Step 1. Set up the audio encoder.

  • Provision encoder for the number of encoded audio channels you are providing for this service/channel. (2/0, 1/0, etc.)
  • Make sure that the RF Overmod Protect flag in the advanced encoder settings is set to disabled.
  • Select a dynamic range compression (DRC) profile: Film Standard, etc.
    (Note: Film Standard is the most common profile used in practice.)

Step 2. Perform dialogue-based level measurements on each simulcast service.

  • It is important that all digital simulcast measurements are taken from the encoded AC-3 stream at the S/PDIF output on the set-top box.
  • Use an Infinite* measurement mode to determine average speech level over several extended periods to find the average speech level for each service. (Because a unique dialnorm value can’t be found and set for each program [in this application], we are only trying to find a reasonably accurate “static” dialnorm value for each service that represents that service’s average dialogue levels throughout the day.)

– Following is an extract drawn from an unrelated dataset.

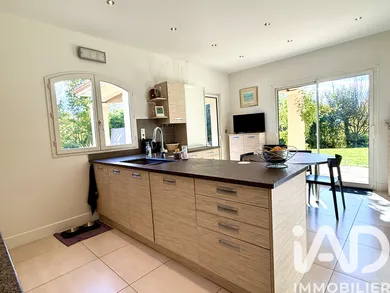 Maison à Saint-Didier-au-Mont-d'Or (69370)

Step 3. Adjust the dialnorm value in your encoder to match long-term average dialogue level found in step 2.

Step 4. Set the dialnorm value for each simulcast channel/service based on measured speech levels from step 2.

Beware: Do not trust that the simulcast encoder’s default dialnorm value is correct for each of your services. And note that audio encoder input level adjustments may not be necessary–and only adjustments to the dialnorm value are needed.


AD-INSERTION ENCODER PROVISIONING:

Step 1. Always measure the speech level in the digital domain only.

  • Okay to measure PCM audio at encoder input if available.
  • Dolby Digital (AC-3) stream at STB digital output. (Preferred**)
  • Use “infinite” mode for all measurements (make sure you “reset” the measurement device for each program being encoded).
  • For advertisements, measure (integrate) the speech level over the entire program.
  • For long-form content (VOD programs), measure (integrate) the speech level over the entire program. However, shorter measurement periods can be used (as long as the section(s) you are measuring are representative of the entire program).

Step 2. Adjust dialnorm value in encoder to match long-term dialogue level.

  • Remember, encoder input level adjustments may not be necessary–and only adjustments to the dialnorm value are needed.

Step 3. Utilize a dynamic range compression profile.

  • Select a dynamic range compression (DRC) profile: Film Standard, etc. (Note: Film Standard is the most common profile used in practice.)
    Beware: Do not trust that the default dialnorm value (in your encoder) is correct for each spot you encode.


ANALOG TIER:

Step 1. Set all STBs to default to RF mode since most, if not all, have an RF remodulated output.

Step 2. Adjust all analog modulators such that the level of dialogue averages~-17 dBr Leq(A) on the plant.

  • Where 0 dBr = 100% modulation (25 kHz peak deviation).
  • All measurements must be taken directly off the combined RF plant, not the channel 3/4 remod output or baseband audio outputs.
  • Note: I have found that some AGCs are very aggressive and can pull the speech level up too much (i.e. well above -17 dBr). Therefore many systems have disabled the AGC and have gone to manual mode.
  • Use a short-term measurement mode while making adjustments.


ADDITIONAL GUIDANCE:

• If your measurement device allows you to automatically “Surf” and log speech loudness values across channels, I suggest “surfing” in~six-channel blocks dwelling for 1 minute on each channel in the six-channel block. This yields~10 measurements per hour and will provide you with good data density.

• Once your analysis is complete, analyze the data to determine the best corrective action for the channel(s) in question. This could be a simple gain change in the modulator, if the channel is consistent from measurement to measurement.

* Infinite measurement mode computes the loudness over the entire measurement period– which is controlled by the user via the measurement “reset” and “pause” controls.